A project focused on upgrading Public Square, namely the Superior Avenue crossing and removal of the jersey barriers, has been approved by the Cleveland Planning Commission.

The plan provides visual and physical barriers to vehicles to increase safety, focuses bus traffic along Superior Avenue through the Square, narrows and better protects pedestrians crossing Superior, and — yes — calls for the removal of the unsightly jersey barriers.

“I appreciate the thorough and thoughtful work that the team put in to get this plan right,” said Cleveland Mayor Justin M. Bibb. “Public Square is the people’s park, and this plan reflects that vision while prioritizing safety, function and aesthetics.”

The approved plan reserves two entry and exit lanes for buses and creates permanent curb extensions in the center of Public Square, narrowing the middle portion of the roadway to one lane in each direction to increase pedestrian safety while maintaining bus operations.
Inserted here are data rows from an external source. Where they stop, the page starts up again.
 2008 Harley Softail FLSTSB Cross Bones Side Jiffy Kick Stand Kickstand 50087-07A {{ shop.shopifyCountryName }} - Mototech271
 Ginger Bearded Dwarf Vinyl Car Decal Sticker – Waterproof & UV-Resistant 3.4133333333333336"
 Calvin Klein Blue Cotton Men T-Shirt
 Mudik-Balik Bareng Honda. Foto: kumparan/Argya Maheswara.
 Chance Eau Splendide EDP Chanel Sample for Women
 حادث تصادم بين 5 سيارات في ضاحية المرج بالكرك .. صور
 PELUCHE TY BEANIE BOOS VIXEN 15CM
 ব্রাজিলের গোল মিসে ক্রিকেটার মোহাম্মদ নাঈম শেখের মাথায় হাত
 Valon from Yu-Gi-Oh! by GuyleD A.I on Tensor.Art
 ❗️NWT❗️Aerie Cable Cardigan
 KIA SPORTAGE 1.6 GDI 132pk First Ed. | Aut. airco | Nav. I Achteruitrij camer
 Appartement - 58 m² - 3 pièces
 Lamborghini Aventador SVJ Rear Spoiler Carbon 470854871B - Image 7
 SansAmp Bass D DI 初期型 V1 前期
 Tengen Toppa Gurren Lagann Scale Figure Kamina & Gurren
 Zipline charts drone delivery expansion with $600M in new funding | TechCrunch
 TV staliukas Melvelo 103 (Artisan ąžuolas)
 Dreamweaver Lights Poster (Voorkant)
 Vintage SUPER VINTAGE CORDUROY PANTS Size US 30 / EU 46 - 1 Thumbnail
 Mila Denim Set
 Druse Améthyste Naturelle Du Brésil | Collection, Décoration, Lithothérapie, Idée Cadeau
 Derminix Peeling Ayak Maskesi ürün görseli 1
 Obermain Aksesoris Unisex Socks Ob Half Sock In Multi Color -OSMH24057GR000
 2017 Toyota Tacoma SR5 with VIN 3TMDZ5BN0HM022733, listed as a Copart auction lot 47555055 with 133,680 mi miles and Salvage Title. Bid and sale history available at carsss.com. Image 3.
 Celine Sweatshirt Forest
The jersey barriers will be replaced by new security bollards that are aligned with the curb extensions to increase pedestrian space, delineate the roadway from the park, and restrict unauthorized vehicular access. The same bollards will be placed at strategic spots along the perimeter of Public Square as an enhanced safety measure.

There will also be a new raised “tabletop” crosswalk — the first of its kind in Cleveland — in the center of the block to facilitate safe and intuitive pedestrian flow between the northern and southern portions of Public Square, and shared lane markings for bicyclists on Superior will be reintroduced.

The plan approved today is a refined version of the plan considered by the commission in January, with modifications that included specific bollard placement and design detail.

Also new is the Superior Avenue special events closure plan, which includes 9 retractable raptor bollards on either end of the Public Square section of Superior, at East Roadway and West Roadway, to close off the area to vehicular traffic for special events.

The final plan is a product of more than a dozen small group coordinating sessions, multiple site visits, and careful review of eight design alternatives.

Now that the plan has been approved, the City will issue permits to the Group Plan Commission and contractor for work to begin. The custom bollards and raptors will be ordered followed by barrier removal, curb replacement, signal upgrades, crosswalk removal and replacement, striping, and bollard installation.

Pending the availability of materials, weather considerations, and previously scheduled Public Square events, work is expected to begin in late fall. The Group Plan Commission will continue to manage this process.

Planning and design for circulation improvements around the perimeter of Public Square—including a protected bikeway around the Square for cyclists that prefer not to ride in traffic—will occur as a separate phase of Public Square improvement work.